FCPL, on the other hand, was represented by Sr. Adv. Mukul Rohatgi, who pleaded that the arbitration was illegal as Indian arbitration law was to apply to the case and any injunctive relief could be obtained under Section 17 of the Arbitration Act only. He agreed with FRL that the award was not binding or valid in the first place.
He prayed that the court would ignore Emergency Award while deciding on the question whether Amazon had the right to tinker with the FCPL-FRL amalgamation at all, and submitted that it would deal with Amazon, on the question of Amazon not exercising its call option when the company was sinking, later in an appropriate arbitration.
He had concluded stating, "As of today, Amazon has no right to invest in FRL and if they can't invest they have no right to stop Reliance from investing in us."
Sr. Adv. Abhishek Singhvi appearing for Reliance Retail and Reliance Retail & Fashion Lifestyle Ltd submitted that the award of the Emergency Arbitrator was a foreign concept for India, and found no place in Indian law. Further, that Emergency Arbitrator was consciously not included under the Arbitration Act despite the 246th Law Commission Report's recommendation, and therefore this award passed by an Emergency Arbitrator could not be binding at all.
Amazon, represented by Sr. Adv. Gopal Subramanium, argued that most, if not all the arguments presented by FRL, FCPL and Reliance had already been dealt with by the Emergency Arbitrator. He also submitted that Amazon had not in the least contradicted or intended to violate any FDI policy of India's as, FCPL being an Indian entity, money coming into FRL from FCPL would not be considered as FDI at all.

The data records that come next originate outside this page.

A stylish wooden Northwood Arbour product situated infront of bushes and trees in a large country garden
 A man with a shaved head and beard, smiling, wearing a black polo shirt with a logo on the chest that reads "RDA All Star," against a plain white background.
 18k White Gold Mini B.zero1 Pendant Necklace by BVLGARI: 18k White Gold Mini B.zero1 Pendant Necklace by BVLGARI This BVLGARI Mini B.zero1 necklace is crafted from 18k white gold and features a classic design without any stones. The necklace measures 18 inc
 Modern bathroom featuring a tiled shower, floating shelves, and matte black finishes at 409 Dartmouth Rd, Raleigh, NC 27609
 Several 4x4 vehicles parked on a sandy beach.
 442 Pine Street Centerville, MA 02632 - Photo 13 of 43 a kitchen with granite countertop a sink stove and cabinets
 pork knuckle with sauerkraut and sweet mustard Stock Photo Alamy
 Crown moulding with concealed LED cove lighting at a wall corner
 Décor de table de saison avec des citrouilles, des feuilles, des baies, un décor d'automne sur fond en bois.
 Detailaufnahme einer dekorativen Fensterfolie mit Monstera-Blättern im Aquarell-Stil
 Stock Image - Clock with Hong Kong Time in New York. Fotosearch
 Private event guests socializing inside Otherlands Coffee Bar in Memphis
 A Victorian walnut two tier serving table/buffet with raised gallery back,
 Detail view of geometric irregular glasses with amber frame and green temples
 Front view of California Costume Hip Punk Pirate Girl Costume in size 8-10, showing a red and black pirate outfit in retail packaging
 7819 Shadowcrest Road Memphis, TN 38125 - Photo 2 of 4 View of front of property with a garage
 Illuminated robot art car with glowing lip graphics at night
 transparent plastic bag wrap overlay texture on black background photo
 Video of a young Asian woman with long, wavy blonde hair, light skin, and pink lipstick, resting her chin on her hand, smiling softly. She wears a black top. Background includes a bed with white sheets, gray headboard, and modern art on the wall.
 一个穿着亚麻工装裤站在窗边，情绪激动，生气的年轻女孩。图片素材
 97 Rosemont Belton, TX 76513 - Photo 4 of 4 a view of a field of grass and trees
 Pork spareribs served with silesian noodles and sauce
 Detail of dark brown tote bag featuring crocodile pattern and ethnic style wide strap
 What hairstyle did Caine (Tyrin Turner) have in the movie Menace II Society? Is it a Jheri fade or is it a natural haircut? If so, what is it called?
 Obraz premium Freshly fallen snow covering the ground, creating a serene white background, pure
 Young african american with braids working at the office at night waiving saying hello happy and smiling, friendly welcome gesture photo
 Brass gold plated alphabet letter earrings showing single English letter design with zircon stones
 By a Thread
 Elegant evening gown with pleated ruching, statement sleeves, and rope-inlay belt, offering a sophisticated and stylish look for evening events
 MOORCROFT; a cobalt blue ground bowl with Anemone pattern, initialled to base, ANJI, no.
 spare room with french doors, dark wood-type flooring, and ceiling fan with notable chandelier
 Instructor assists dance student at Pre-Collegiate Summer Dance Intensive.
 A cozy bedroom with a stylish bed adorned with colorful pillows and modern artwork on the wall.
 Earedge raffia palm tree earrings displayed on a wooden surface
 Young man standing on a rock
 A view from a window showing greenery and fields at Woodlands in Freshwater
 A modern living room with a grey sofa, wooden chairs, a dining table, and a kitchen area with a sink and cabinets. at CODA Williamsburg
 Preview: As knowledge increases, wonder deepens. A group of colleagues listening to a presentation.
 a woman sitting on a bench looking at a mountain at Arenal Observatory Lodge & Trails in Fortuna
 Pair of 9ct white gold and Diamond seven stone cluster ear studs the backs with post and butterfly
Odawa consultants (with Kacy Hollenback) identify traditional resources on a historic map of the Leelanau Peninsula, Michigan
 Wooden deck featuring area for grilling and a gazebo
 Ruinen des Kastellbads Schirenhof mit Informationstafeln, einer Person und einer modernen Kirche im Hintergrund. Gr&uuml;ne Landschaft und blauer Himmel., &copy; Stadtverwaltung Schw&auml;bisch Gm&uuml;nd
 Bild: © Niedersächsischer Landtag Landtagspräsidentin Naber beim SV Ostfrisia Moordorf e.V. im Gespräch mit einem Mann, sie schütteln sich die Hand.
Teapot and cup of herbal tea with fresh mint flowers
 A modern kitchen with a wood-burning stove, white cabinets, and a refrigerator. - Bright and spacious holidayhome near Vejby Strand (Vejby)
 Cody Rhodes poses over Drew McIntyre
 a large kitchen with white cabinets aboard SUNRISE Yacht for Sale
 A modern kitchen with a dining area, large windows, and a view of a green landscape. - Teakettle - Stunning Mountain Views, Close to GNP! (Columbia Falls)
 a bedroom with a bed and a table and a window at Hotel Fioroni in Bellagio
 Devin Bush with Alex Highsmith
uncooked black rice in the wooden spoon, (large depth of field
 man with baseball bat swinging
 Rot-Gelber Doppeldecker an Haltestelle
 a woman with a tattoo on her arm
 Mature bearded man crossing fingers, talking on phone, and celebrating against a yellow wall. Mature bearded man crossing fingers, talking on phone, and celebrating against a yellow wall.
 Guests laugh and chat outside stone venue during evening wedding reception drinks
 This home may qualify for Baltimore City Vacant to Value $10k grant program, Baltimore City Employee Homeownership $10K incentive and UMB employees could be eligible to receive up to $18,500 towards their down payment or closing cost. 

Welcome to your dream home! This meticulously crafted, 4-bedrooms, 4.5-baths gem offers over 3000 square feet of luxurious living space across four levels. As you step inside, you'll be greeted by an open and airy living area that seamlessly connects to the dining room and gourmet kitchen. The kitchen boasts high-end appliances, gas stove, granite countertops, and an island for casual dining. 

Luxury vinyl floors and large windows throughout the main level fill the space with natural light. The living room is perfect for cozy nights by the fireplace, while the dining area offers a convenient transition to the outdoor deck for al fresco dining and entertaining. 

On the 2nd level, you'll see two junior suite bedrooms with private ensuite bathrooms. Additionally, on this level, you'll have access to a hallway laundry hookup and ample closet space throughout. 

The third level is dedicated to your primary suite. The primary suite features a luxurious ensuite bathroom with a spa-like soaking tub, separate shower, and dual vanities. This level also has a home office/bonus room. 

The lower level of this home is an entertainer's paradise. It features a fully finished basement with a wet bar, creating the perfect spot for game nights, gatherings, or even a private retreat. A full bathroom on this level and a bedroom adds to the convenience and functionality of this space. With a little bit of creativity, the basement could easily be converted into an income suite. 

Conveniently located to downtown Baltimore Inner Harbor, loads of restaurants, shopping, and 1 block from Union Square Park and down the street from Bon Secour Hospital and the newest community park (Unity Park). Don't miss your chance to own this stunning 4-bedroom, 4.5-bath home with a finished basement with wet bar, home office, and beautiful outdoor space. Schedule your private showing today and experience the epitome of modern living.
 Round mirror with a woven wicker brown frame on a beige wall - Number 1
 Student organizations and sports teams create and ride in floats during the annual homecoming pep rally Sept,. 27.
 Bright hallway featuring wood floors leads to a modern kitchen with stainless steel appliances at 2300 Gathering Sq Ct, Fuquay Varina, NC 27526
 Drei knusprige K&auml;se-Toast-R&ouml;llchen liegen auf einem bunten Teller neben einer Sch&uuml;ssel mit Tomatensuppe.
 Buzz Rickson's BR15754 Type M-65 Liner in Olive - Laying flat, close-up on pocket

He had further pointed out that since Amazon had 49% stake in FCPL, which has 9.82% shares in FRL, Amazon's stake in FRL becomes half effectively and would not cross the 10% limit imposed by India's FDI policy in multi-brand retail sector.
He also argued that all FCPL and FRL's Shareholder Agreements under the common umbrella of the Biyanis had already been brought to the notice of the CCI. Against the Law Commission recommendation argument he responded that, Justice Nariman had already noted in a judgment by the Supreme Court that "recommendations by a Law Commission Report need not detain the court from interpreting the words as they are susceptible to being interpreted."